Casting misses chance to give north African actors a higher profile, prolonging the debate over Hollywood’s colonisation of ethnicity
Cleopatra is once again getting the big screen treatment, this time courtesy of Wonder Woman director Patty Jenkins and the DC heroine herself, Gal Gadot. But even with a female director, and female screenwriter in Laeta Kalogridis on board, the casting of an Israeli actor with Ashkenazi Jewish heritage as the legendary Queen of Egypt has led to a not unfounded debate about Hollywood whitewashing.

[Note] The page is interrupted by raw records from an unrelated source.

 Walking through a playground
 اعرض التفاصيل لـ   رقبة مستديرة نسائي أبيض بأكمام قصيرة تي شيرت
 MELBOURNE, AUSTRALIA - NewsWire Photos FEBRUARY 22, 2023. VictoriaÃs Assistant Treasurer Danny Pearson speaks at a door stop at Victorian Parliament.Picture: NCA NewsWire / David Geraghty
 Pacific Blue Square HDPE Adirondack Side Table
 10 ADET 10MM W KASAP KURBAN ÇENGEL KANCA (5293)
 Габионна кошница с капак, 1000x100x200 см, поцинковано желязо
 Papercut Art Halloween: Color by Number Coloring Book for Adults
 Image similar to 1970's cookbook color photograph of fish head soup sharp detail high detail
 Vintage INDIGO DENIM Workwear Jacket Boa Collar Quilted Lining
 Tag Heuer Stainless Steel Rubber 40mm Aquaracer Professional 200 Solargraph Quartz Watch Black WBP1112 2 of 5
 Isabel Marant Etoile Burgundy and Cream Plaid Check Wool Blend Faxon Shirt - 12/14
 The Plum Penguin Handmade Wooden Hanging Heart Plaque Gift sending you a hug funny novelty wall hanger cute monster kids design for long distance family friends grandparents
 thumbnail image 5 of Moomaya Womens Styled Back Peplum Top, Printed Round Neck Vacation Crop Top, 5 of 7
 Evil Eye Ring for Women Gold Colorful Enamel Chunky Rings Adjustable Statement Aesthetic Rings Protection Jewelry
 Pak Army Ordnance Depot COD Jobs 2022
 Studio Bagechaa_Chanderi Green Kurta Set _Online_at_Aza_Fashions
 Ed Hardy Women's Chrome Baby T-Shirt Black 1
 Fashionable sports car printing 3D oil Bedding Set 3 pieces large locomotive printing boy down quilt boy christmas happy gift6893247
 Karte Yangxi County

In recent years historians, such as Hilke Thuer of the Austrian Academy of Sciences, have questioned the long-held belief that Cleopatra VII was white. Scholars agree that there’s no doubt that Cleo was Macedonian-Greek on her father Ptolemy XII’s side, potentially Persian or Syrian too, but because the ethnic origin of her mother remains unverified it has strengthened the idea that the Egyptian ruler was of mixed heritage. “The mother of Cleopatra has been suggested to have been from the family of the priests of Memphis,” Betsy M Bryan, Alexander Badawy professor of Egyptian art and archaeology at Johns Hopkins University, told Newsweek. “If this were the case, then Cleopatra could have been at least 50% Egyptian in origin.”